Moyens de récupération

LA RECUPERATION PAR ECREMAGE

Seuls les produits flottants peuvent être collectés par cette technique.

La récupération a pour but de recueillir de façon la plus optimale possible les produits polluants déversés en mer avant qu’ils n’atteignent le littoral. Les systèmes récupérateurs sont avant tout conçus pour la récupération de nappes d’hydrocarbures. La récupération en mer d’autres polluants doit être étudiée au cas par cas.

Les trois critères principaux suivants caractérisent les ensembles récupérateurs :

  • Leur capacité de rencontre avec le polluant, directement liée à la taille et à la géométrie de la tête d’écrémage. Elle correspond à la surface balayée par unité de temps,
  • Leur taux de récupération, dépendant du dispositif de transfert du polluant vers un réservoir de stockage. Il correspond à la quantité de polluant effectivement récupérée par rapport à celle rencontrée.
  • Leur sélectivité, pourcentage de polluant présent dans le mélange polluant-eau récupéré.

 

Le choix d’un récupérateur se fait en fonction de ces trois critères ainsi que de l’ampleur de la pollution, du confinement associé et des moyens de stockage disponibles.

Si les moyens de stockage sont réduits, la sélectivité du récupérateur doit être privilégiée. Dans le cas d’une pollution importante, un accroissement de la capacité de rencontre entraîne en général une diminution du taux de récupération ou de la sélectivité.

Dans le cas des hydrocarbures, les récupérateurs sont classés en deux familles distinctes :

Les récupérateurs mécaniques, utilisant la différence de densité de polluant par rapport à celle de l’eau de mer,

Les récupérateurs oléophiles faisant appel aux propriétés d’affinité du pétrole avec certains matériaux pour les extraire de la surface de l’eau.

 

Les moyens de récupération en mer sont composés de deux grandes familles.
 
Les écrémeurs mécaniques
 
 
Ces récupérateurs associent un mécanisme d’écrémage en surface de l’eau et une pompe de transfert du produit vers un réservoir.

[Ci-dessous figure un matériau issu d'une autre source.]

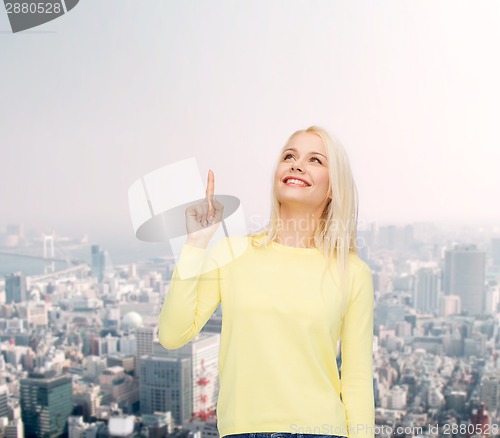 Image of smiling woman pointing her finger up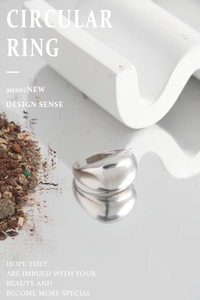 Macro shot of minimalist wide dome S925 sterling silver ring with polished finish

Des flotteurs assurent le maintien en surface et le réglage du seuil d’écrémage.

Ces récupérateurs offrent un excellent taux de récupération (500 m3/h pour les plus performants mais une sélectivité moyenne (40 à 50% d’eau récupérée avec le polluant).
   

Les écrémeurs oléophiles

Utilisés uniquement pour la récupération des hydrocarbures, un ou plusieurs éléments oléophiles (qui présente une affinité pour les corps gras), maintenus à la surface de l’eau, piègent les huiles pour les déverser dans un bac depuis lequel ils sont pompés vers un réservoir.

Ces récupérateurs offrent un taux de récupération moyen (40 m3/h pour les plus performants) mais une excellente sélectivité (moins de 10% d’eau dans les hydrocarbures récupérés).

Les éléments oléophiles peuvent être :
   
  • Des brosses
   
  • Des disques
   
  • Des tambours ou rouleaux
   
  • Des cordes
   

 

 

LA RECUPERATION PARCHALUTAGE

Lorsque la récupération par écrémage et pompage est devenue inefficace du fait de la viscosité importante du polluant, on utilise des chaluts de surface. Ces chaluts développés à partir d’engins de pêche associent un filet à mailles très fines, à un système de flottaison pour le maintenir en surface

 

Lorsque des opérations de récupération en mer sont entreprises, une chaine de collecte à terre des polluants récupérés ainsi que des matériels souillés doit être mise en place.

   
 
   
   
Les chaluts permettent la récupération dynamique en mer de produits solides, extrêmement visqueux, fortement amalgamés ainsi que de macro déchets. Spécifiquement développés à partir d’engins de pêche (chalut pélagique), ils associent deux ailes de confinement (en forme d’entonnoir) et une poche amovible appelée « cul de chalut ». Ils sont généralement mis en œuvre par deux bateaux par la technique dite du « chalutage en bœuf ».